I don't think you need any special tools. Keep up the corrections and seperate him from his playmate when it gets rougher than you or the other owner like. 
It took Mischa a long time to learn how to introduce herself, and play with other dogs. She use to jump every dog she met, paws flying all over the place... 

Eventually they learn to pick up on certain energies and get better at picking who to rough-house with. 
She rarely even looks over at small dogs now, but still gets herself in trouble every now and then with an old one.


----------



## Linescreamer (Sep 28, 2010)

Good luck. : These dogs all do that. I keep Copper on a very thight leash or e-collar. It's the only way I know. It really isn't good to let him play hard with another dog if the other dog or owner isn't open to it.


----------



## gunnr (Aug 14, 2009)

This is the way that they play. They play very hard. If you should get the chance too watch two V's playing, it's pretty rough. They're merciless.
My personal belief is that a lot of what some folks might interpret as "domonace behavior" is really an instinctive behavior in a Vizsla. They are "honing the skill set" required to hunt.
All of the "moves" I've observed in mine playing throughout the years, are the same moves they exhibit when running game to ground, or handling cripples.
Keep him away from the little dogs, as much as you can, or restrain him. Let him play with dogs big enough to knock him on his can if necessary. Be ready though, in a few more months the bigger dogs may not be able to handle him either.
He will eventually grow out of this behavior. To be honest though, don't expect it for awhile.

Restraining your dog, or inhibiting him from playing, isn't that bad of a thing. He's got to learn eventually.


----------



## jld640 (Sep 29, 2010)

Great advice above. I will be keeping it in mind, since I am not sure if Savannah's good behavior is going to stick of if she just hasn't gotten into this particular phase yet. 

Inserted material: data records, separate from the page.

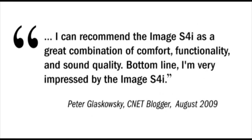I can recommend the Image S4i as a great combination of comfort, functionality, and sound quality. Bottom line, I'm very impressed by the Image S4i.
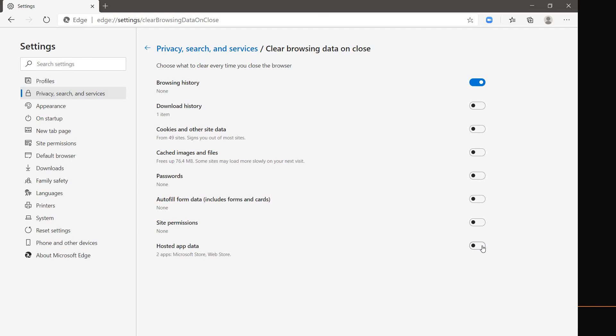So this is a workaround. Now, by the way, what hosted app data is - this includes the data from Microsoft Store apps saved to Microsoft Edge. So make sure this has been disabled if it's highlighted. Toggle it and make sure it has been disabled. This should ideally fix the problem.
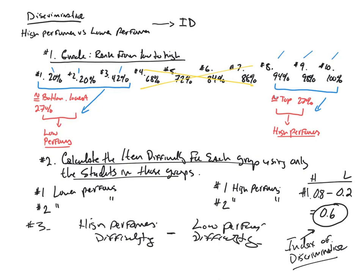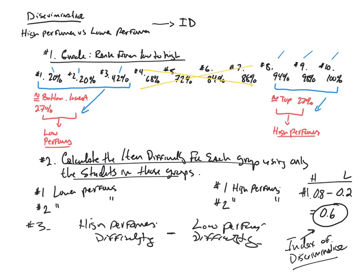So I think I'll cut it off here, and I will do a subsequent video discussing the implications of the index of discrimination, more specifically, what does the index of discrimination tell us about an item? What it tells us is how well the item differentiates between high and low performers. But more specifically, how can we correlate that value and what is a good value versus a poor value and what do these values mean? But we will pick that up in a subsequent video. Hopefully you found that helpful, and hopefully you understand how to calculate item discrimination. Take care, and as always, thanks for hanging in there, guys.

At the moment, Savannah has two standard poodles who she rough-houses with. Their play sessions are not for the faint-of-heart to watch. Paws, teeth, dogs flying everywhere! They don't draw blood and they don't hurt each other. They even seem to call 'time-out' when one of them needs a breather. She doesn't play this way with any other dogs - big or little. The game seems to be reserved only for these two buddies.


----------



## Linescreamer (Sep 28, 2010)

A bit more insight via an example. Copper has a buddy Spinger Spanial. They have been buds for almost a year. Copper is about 14 months old now. When they see each other it's like a steel cage match! They bite, ram, hump, run, wrestle and slam into everything in sight! These two have gone 5 hours with just a few minutes rest here and there. It is constant! : They have drawn blood, come out of a rumble limping, growling and all.  One specific observation - the tails are almost always wagging. ;D


----------



## laurita (Jun 12, 2011)

Thank you all so much! This makes me feel so much better. I kept feeling like such an inept owner, who despite constant training, hasn't taught her dog any manners. 

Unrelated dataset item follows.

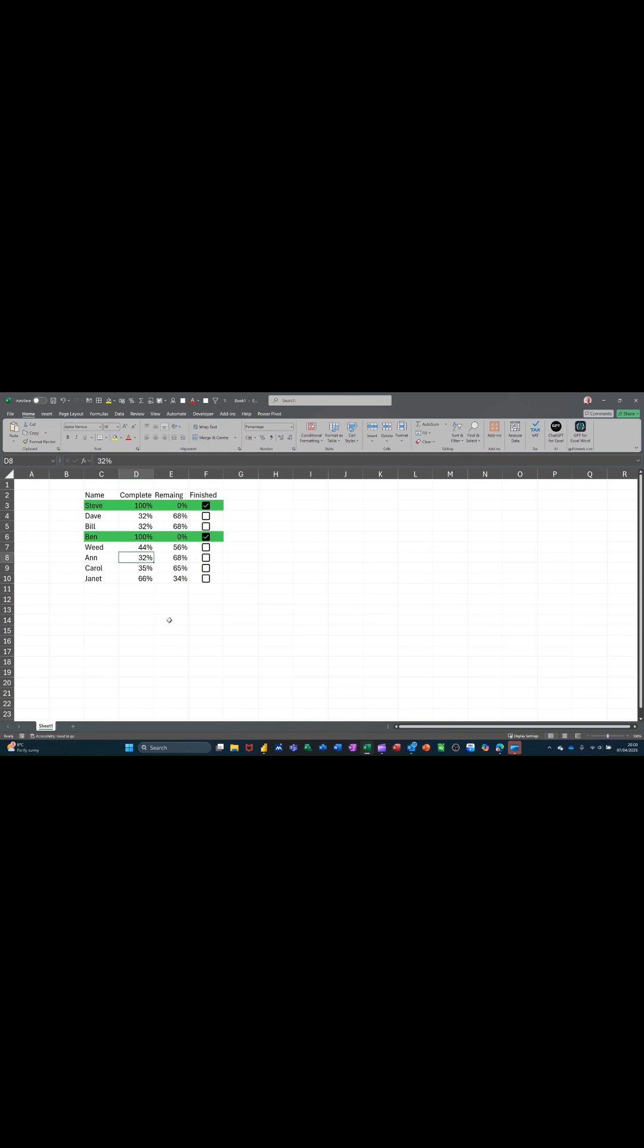So whenever I do that, 100%, it will put the tick in for me automatically and color it green.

I just remembered one more question-- Around most adults, Miles (nearly 6 month old male) is very respectful (thanks to being pinned by a vizsla adult), but he seems to know when he's around a very sedate adult who won't do anything to him and in that case he barks, jumps on them, bites the dog's ears, anything to get some attention to play. As I implied, they tend to be dogs who just won't react, so they do nothing to reprimand him. Should I let him learn from being ignored, or should I step in at this point?


----------



## Crazy Kian (Aug 10, 2009)

and see, it starts at a young age.

I took this video last weekend at a field test....little buggers ;D

http://www.youtube.com/watch?v=YgTLSVdH0hQ&feature=youtube_gdata_player


----------



## laurita (Jun 12, 2011)

That video is so adorable!!!


----------



## datacan (May 15, 2011)

Funny vid. Crazy Kian

http://www.youtube.com/watch?v=d63q6cTSryo&feature=related


----------



## gunnr (Aug 14, 2009)

laurita said:


> Thank you all so much! This makes me feel so much better. I kept feeling like such an inept owner, who despite constant training, hasn't taught her dog any manners.
> 
> I just remembered one more question-- Around most adults, Miles (nearly 6 month old male) is very respectful (thanks to being pinned by a vizsla adult), but he seems to know when he's around a very sedate adult who won't do anything to him and in that case he barks, jumps on them, bites the dog's ears, anything to get some attention to play. As I implied, they tend to be dogs who just won't react, so they do nothing to reprimand him. Should I let him learn from being ignored, or should I step in at this point?


I would step in and stop him, unless the other dogs owner was good with it. Even then, I'd only let it go so far.


----------